Aetna becomes latest insurer to flee ACA exchanges

While Republicans rewrite the Affordable Care Act in Washington, the immediate future of the law has grown hazier with the nation's third-largest health insurer saying that it will completely divorce itself from state-based insurance exchanges.

Aetna says it won't sell individual coverage in Nebraska and Delaware next year after projecting a $200 million loss this year. The insurer had already pulled out of several states after losing about $450 million in 2016.

The exchanges are a pillar of the federal law because they allow millions of people to buy coverage with help from income-based tax credits. But insurers like Humana, and now Aetna, have been fleeing that market. Others like the Blue Cross-Blue Shield carrier Anthem say they are wary of returning without guarantees of at least one key financial support.

Every exchange had at least one insurer offering coverage for 2017, but a growing number were down to only one. Insurance experts expect holes to develop in 2018 with the coverage growing so thin. Customers may be able to find individual insurance coverage off the exchanges, but those marketplaces offer the only way for people to get tax credits to help pay the premium.

About 12 million people bought coverage through the exchanges for this year. Most used tax credits to help buy coverage.

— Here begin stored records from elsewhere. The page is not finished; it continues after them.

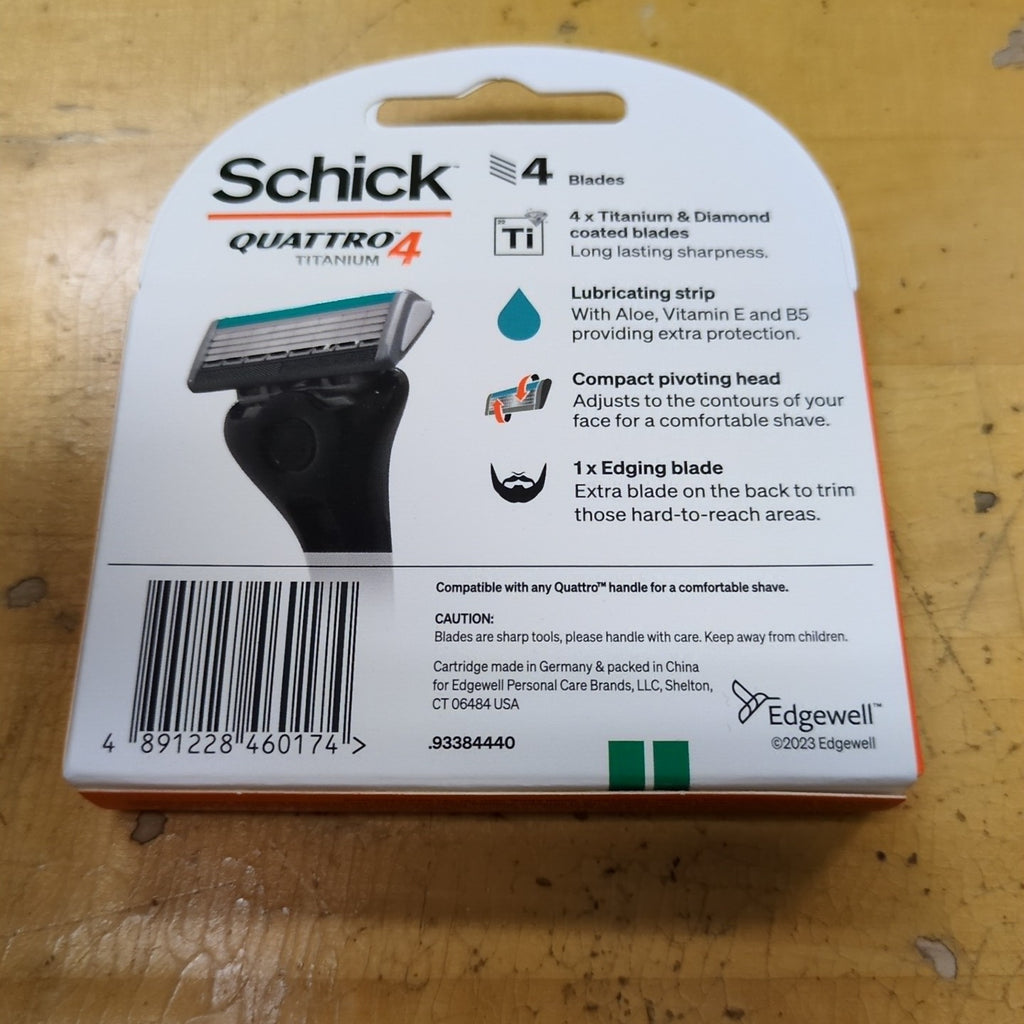 Titanium Cartridges for Shaving - Pack of 4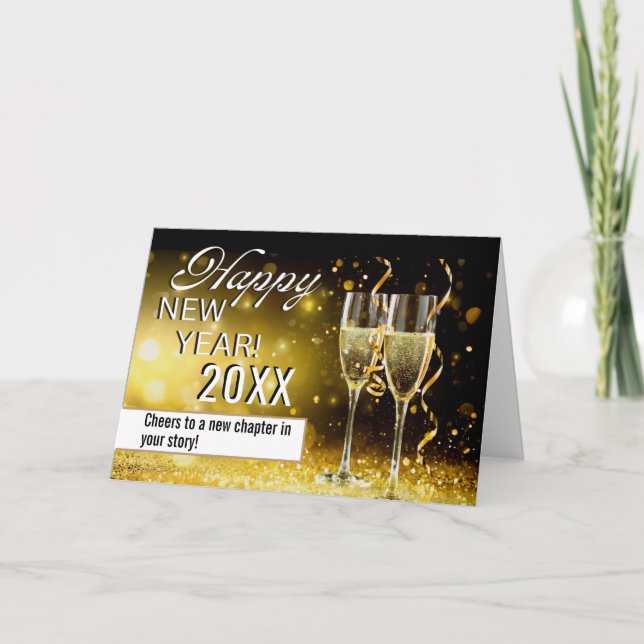 Gott nytt år | Kort för hälsning av Personlig (Framsida)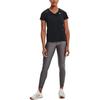 Under Armour Solid Color Logo V-Neck Short Sleeve T-Shirt Women Tops Black 1255839-002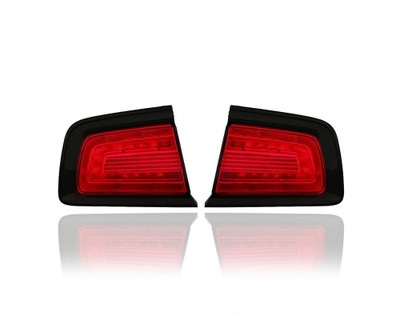 Tail Light - Compatible/Replacement for '11-14 Dodge Charger - LED, Outer On Body Quarter Panel - Pair, Left Driver + Right Passenger Set - 57010414AF, 57010415AF - CAPA Tail Light - Compatible/Replacement for '11-14 Dodge Charger - LED, Outer On Body Quarter Panel - Pair, Left Driver + Right Passenger Set - 57010414AF, 57010415AF - CAPA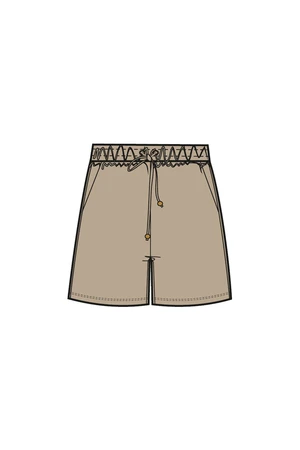 WOMEN'S SHORTS L-SH-4009 D.Beige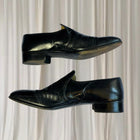 Moreschi Italian Leather Slip-On Loafers - Men's Classic Black Dress Shoes AU 10.5 - Image 5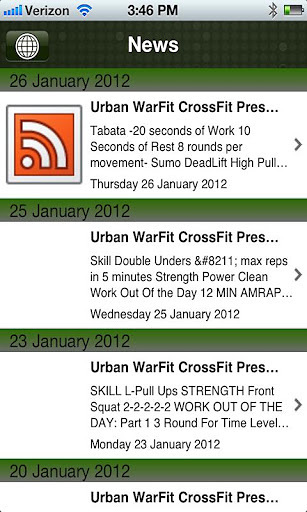 Urban Warfit CrossFit截图4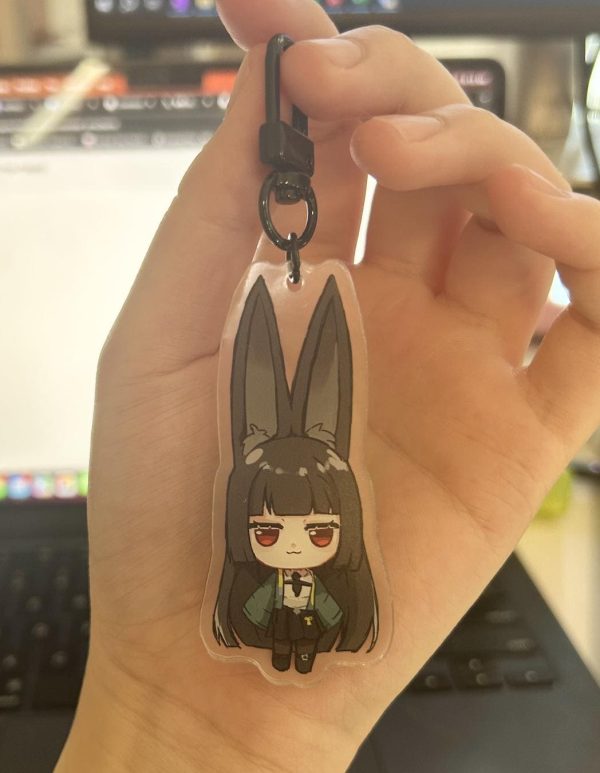 Cute Funny Kawaii ZZZ Zenless Zone Zero Miyabi Hoshimi Keychain Charm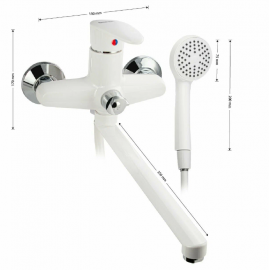 Смеситель PLAMIX CEZAR-00006 EURO SET 2115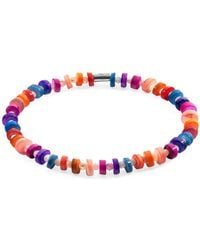 Anchor and Crew - Multicoloured Alice & Freshwater Shell Skinny Bracelet - Lyst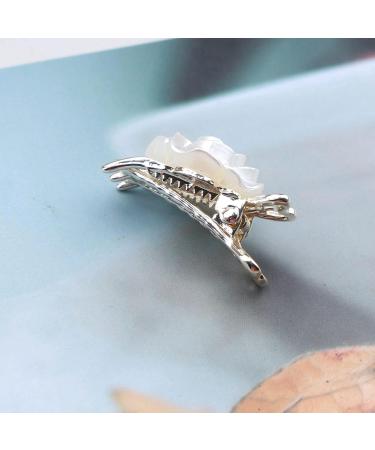 TseenYi Flower Wedding Hair Clip Vintage Rose Flower Claw Clip Bridal Headpiece Hair Clip Crystal Hair Pins Accessories Jewellery for Women Girls (White 1 Piece) - Buy Online on GoSupps.com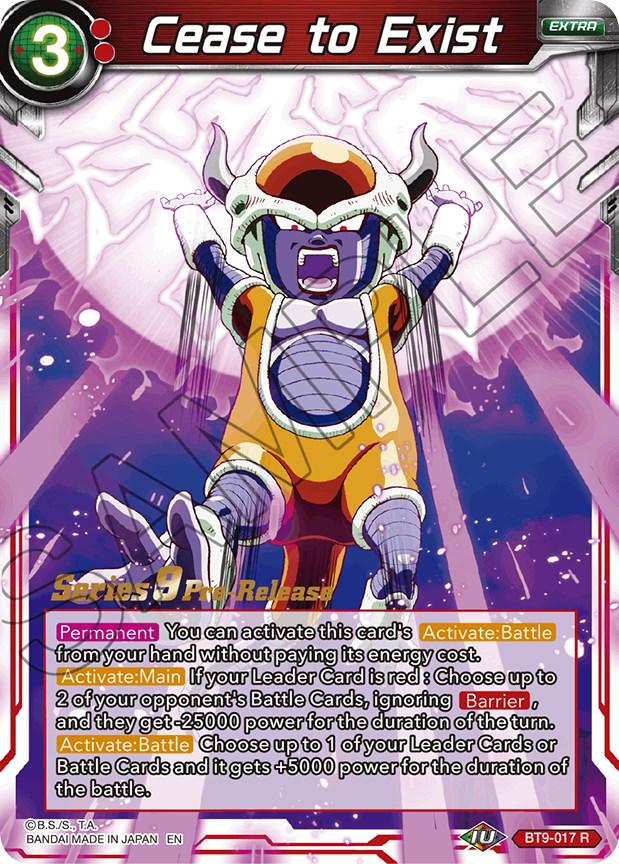 Cease to Exist BT9-017 Dragon Ball Super Universal Onslaught: Pre-Release Promos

Among the states in trouble for next year is Iowa. Aside from Aetna, Wellmark Blue Cross and Blue Shield also said it will leave that state's individual market after only a year on it. Another insurer, Medica, said earlier this month that its "ability to stay in the Iowa insurance market in any capacity is in question at this point."

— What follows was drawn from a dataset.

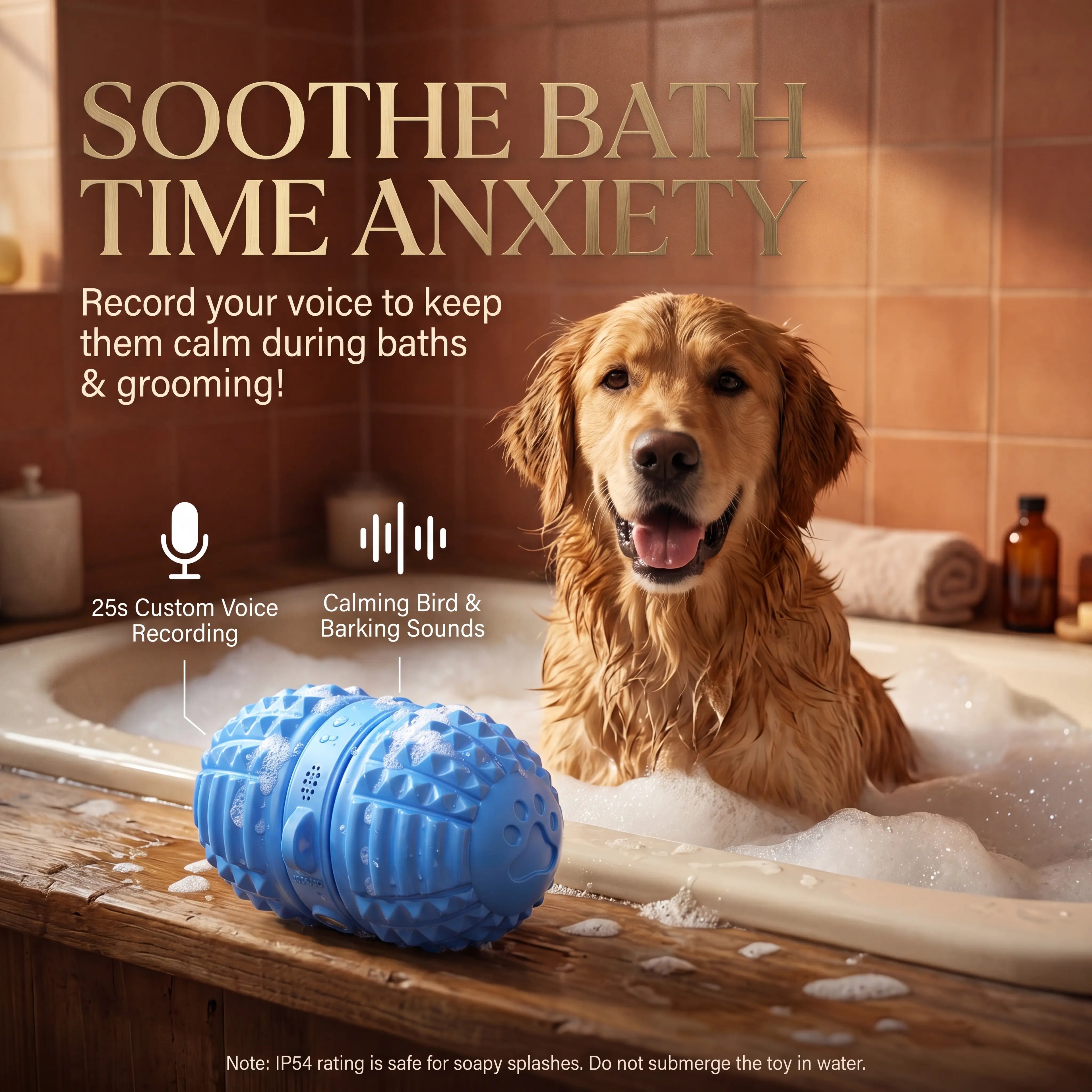 Smart Dog Toy Interactive Automatic Moving Ball Dual Motor Rolling Voice Recording Motion Activated Water Resistant Rechargeable Pet Toy with Rope for Small Medium Dogs Indoor Active Play Boredom Busting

Earlier this year, Humana's decision to leave the exchanges temporarily left 16 Tennessee counties with no on-exchange coverage options for 2018. But BlueCross BlueShield of Tennessee recently said it would fill that void.

Insurers are in the middle of figuring out their prices and coverage plans for 2018. The departure of competitors from a market could play a role in their decisions because that may swamp them with a wave of new customers, some of whom likely have expensive medical conditions. The ACA prevents insurers from rejecting patients based on their health.

"All it takes is one insurance company to exit, and that can create panic for other insurers and they pull out too," said Cynthia Cox, a health insurance expert for the nonprofit Kaiser Family Foundation, which studies health care. "Insurers don't want to be the last one holding the bag."

But she also noted that an insurer doesn't have to worry as much about pricing too high and losing business if it has no competitors in a market.